I recall growing up in the 1960s hearing the assertion that the United States was the greatest nation to have existed. There was an element of patriotism to this claim, and I recall thinking this was a patriotic thought. Many other nations probably felt similarly about themselves. But I also heard that we had a unique claim of various innovations from our constitutions that defended individual liberties and yet still managed to become a decisive power in the second world war that seemed to pit good against evil.
In the sixties, I was only a child, not to become a teenager until the 1970s, but I was paying attention to the news of the time. I watched in concern and wonder the various current events at the time, including the protests and riots. Along the way, I got the impression that these had a good intention of making the country live up to its claim of being a great country, by living up to a higher standard than any other country had.
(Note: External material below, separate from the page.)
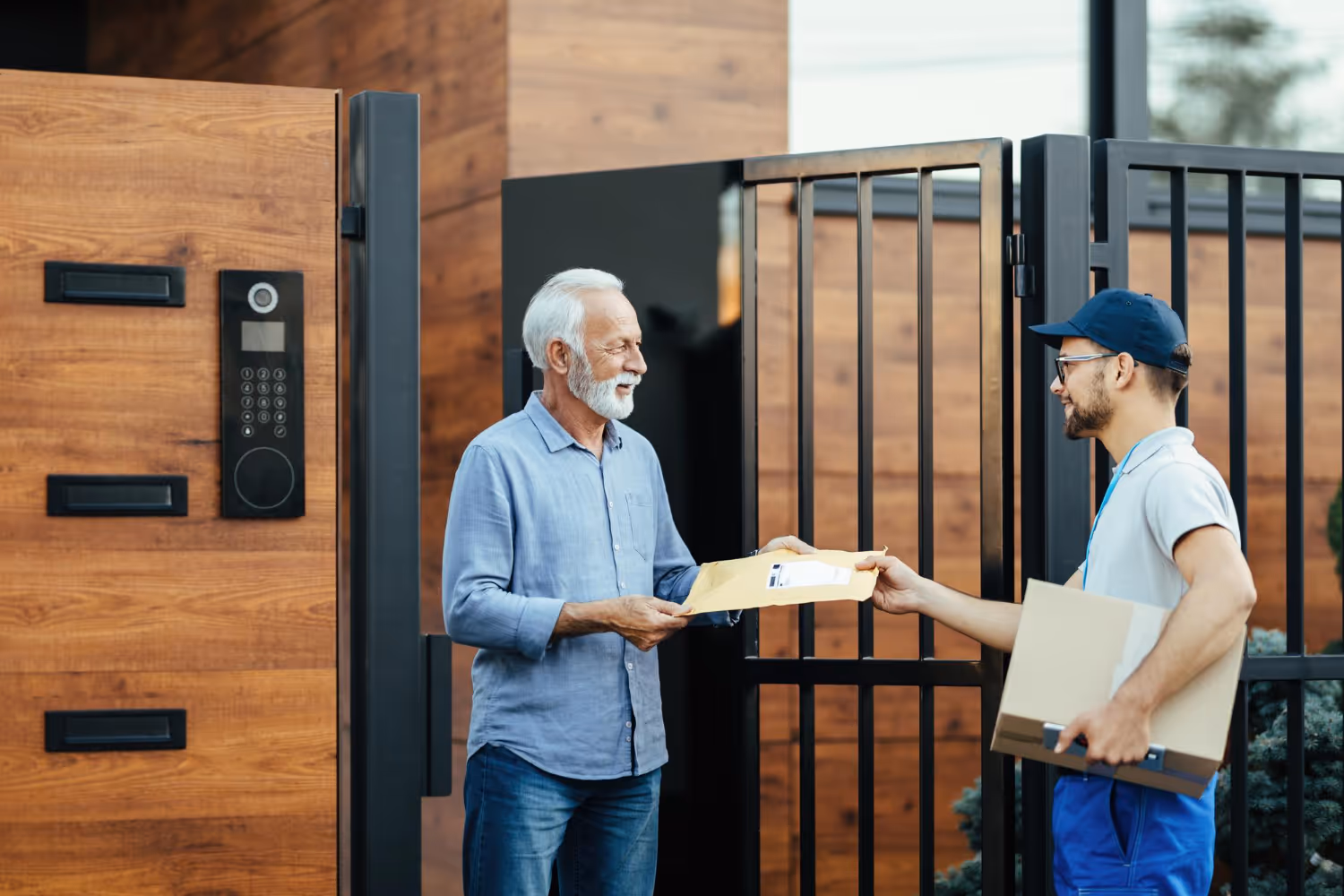 Delivery person handing a package to an elderly man at the gate of a modern wooden house.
That standard was being debated with various competing views pitting generations against each other and pitting individuals within a generation against each other.
Looking back, I wonder if our biggest mistake was to interpret our claim of greatness as anything other than patriotism observed in other countries. In other countries, the call for patriotism makes the assumption that the country is already great and it should continue to do what it has been doing. In our country, the claim of greatness transcended patriotism to become a goal instead of an achievement. We were not a great nation, but instead we were destined to become a great nation. But to get there, we had to change.
By the 1960s, there was a attitude that we had to change in order to live up to our destined greatness. I think this attitude was shared among most of the population. I did not hear many voices claiming that we had already reached sufficient greatness. The rest demanded that we have more work to do in order to live up to great ideals, even if they didn’t agree among themselves what those ideals should be.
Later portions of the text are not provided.